Traditional schools in this study did lose students to charters, but they were spread across multiple classrooms and did not result in a loss of staff. Cordes found that enrollment in co-located traditional schools dropped by approximately 30 students. (Traditional schools located within half a mile of a charter school lost about 13 students.)
Cordes offers a caveat: Per-pupil spending on instruction goes up when student-teacher ratios fall. But depending on how a school is staffed, that doesn’t always mean smaller class sizes.
6. Charter proximity seems to matter more than charter quality
Overall, “spillover effects” are significantly greater when the traditional school is within half a mile of a high-quality charter school, defined as one whose students on average perform at or above the 75th percentile citywide.
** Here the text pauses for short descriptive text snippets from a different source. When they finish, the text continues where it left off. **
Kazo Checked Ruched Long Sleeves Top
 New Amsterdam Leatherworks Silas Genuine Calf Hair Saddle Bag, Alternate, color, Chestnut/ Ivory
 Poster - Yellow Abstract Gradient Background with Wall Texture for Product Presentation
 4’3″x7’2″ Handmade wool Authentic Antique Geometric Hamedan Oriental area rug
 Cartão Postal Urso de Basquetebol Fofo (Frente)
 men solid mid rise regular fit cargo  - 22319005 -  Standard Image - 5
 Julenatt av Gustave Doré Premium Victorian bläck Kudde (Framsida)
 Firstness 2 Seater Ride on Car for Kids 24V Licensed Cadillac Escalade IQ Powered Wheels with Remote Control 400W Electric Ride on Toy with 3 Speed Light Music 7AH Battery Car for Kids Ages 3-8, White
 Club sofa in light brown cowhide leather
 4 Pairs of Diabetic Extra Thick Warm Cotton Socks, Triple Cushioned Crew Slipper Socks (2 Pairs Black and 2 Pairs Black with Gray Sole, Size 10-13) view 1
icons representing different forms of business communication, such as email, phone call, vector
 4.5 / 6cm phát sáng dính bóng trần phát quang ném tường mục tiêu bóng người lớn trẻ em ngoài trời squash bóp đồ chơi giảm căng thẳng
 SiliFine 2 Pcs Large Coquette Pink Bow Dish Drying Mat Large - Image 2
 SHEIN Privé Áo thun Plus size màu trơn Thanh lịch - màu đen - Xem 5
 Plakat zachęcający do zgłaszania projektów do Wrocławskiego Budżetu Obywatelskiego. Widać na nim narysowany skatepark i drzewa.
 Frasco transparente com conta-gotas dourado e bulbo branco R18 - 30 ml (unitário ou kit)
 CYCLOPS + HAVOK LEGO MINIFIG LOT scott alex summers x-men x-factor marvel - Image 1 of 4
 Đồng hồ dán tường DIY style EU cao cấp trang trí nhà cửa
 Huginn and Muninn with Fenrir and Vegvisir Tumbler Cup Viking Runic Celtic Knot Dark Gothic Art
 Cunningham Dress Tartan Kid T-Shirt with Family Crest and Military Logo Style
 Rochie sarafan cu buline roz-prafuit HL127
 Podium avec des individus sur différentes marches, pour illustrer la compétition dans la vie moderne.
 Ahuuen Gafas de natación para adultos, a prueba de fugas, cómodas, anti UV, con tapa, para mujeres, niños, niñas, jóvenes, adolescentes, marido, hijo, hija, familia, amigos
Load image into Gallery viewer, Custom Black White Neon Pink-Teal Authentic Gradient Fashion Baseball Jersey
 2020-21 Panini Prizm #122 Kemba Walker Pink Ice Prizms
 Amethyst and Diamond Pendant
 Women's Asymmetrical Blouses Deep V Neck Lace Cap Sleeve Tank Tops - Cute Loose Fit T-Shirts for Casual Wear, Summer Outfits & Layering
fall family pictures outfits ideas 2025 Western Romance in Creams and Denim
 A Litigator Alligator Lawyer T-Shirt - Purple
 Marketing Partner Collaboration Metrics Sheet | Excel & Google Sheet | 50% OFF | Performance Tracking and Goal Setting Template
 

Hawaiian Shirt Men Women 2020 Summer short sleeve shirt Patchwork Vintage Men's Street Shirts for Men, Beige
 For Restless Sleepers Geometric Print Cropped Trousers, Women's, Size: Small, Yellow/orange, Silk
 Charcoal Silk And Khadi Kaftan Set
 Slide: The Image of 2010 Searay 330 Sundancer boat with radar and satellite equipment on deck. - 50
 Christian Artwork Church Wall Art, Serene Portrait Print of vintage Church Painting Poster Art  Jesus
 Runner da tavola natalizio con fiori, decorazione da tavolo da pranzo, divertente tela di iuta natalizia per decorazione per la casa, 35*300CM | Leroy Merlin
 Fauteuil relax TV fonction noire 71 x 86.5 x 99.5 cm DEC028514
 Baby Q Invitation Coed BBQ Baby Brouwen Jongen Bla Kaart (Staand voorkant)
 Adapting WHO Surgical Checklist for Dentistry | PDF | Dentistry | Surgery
The charter school’s quality matters less, however, when the programs are co-located.
7. Rhetoric vs. reality
The results raise big questions. The factors driving the positive changes require much more study, and Cordes is anxious to learn whether the impact is the same in cities such as Los Angeles and Philadelphia, where a much higher percentage of students attend the jointly housed schools.
But the findings in the new study suggest that New York could benefit from more charters, and in particular new programs housed alongside their traditional counterparts.
“I really went into this not knowing what I would find,” says Cordes. “So much of the talk about co-location is so negative, I was somewhat surprised to see the effect was as positive as it is.”